— Entries supplied —
○ ○ ○ ○

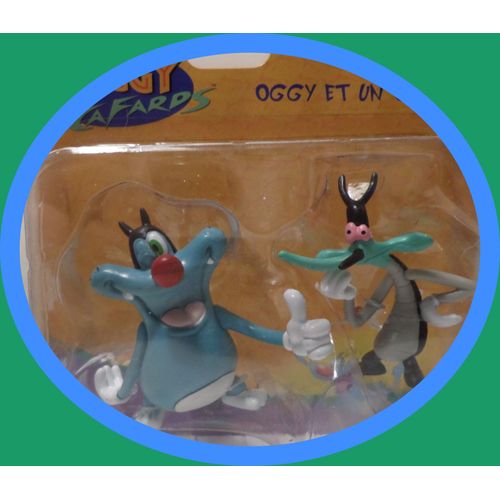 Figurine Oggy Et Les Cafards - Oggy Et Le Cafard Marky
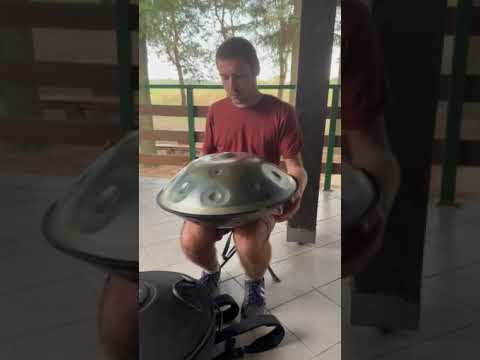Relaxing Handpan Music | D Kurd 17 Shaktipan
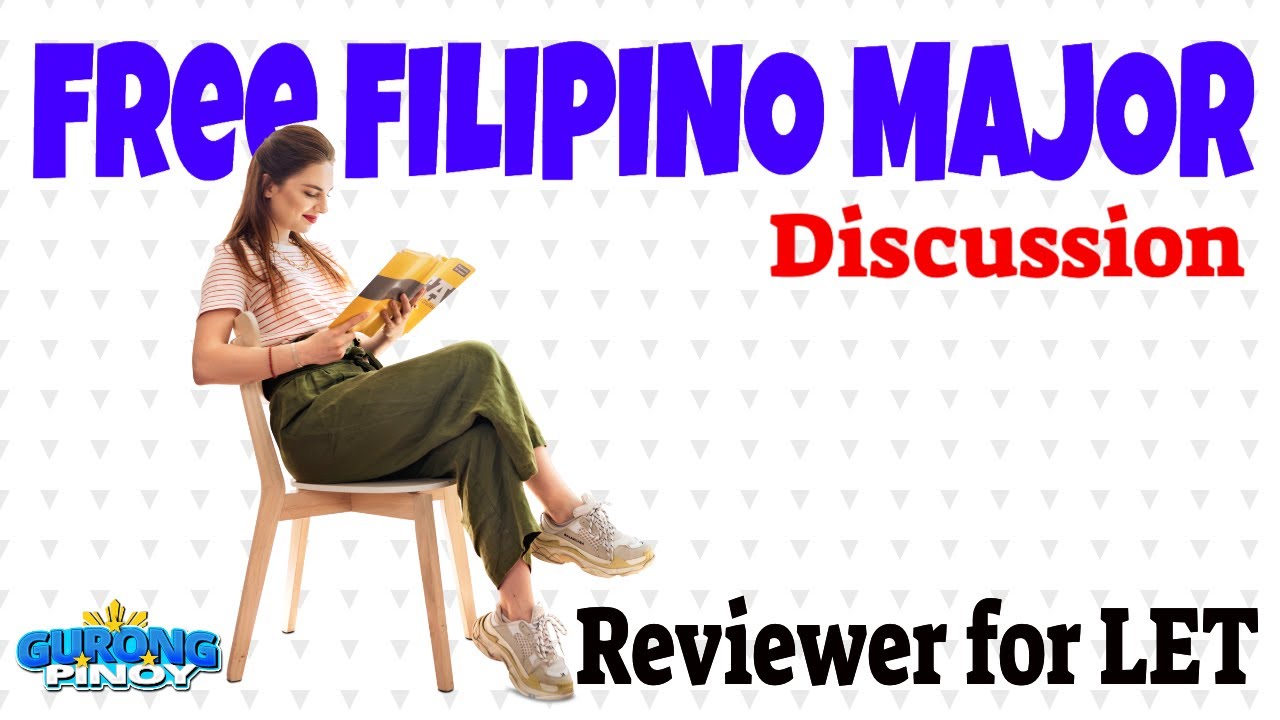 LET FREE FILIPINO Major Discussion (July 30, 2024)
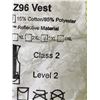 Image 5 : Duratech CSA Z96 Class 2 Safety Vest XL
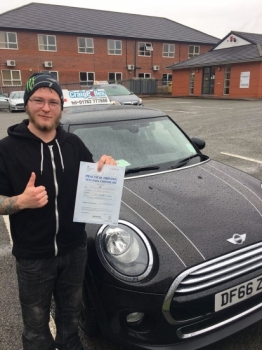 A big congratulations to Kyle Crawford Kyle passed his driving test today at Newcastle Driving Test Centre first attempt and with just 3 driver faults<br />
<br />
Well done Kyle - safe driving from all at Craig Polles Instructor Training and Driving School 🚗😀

○ ○ ○ ○

— Exercise description —
Each line of the listing above belongs in the answer exactly as written; the pictures do not.

— Solution below —
 Figurine Oggy Et Les Cafards - Oggy Et Le Cafard Marky
Relaxing Handpan Music | D Kurd 17 Shaktipan
 LET FREE FILIPINO Major Discussion (July 30, 2024)
 Image 5 : Duratech CSA Z96 Class 2 Safety Vest XL
 A big congratulations to Kyle Crawford Kyle passed his driving test today at Newcastle Driving Test Centre first attempt and with just 3 driver faults<br />
<br />
Well done Kyle - safe driving from all at Craig Polles Instructor Training and Driving School 🚗😀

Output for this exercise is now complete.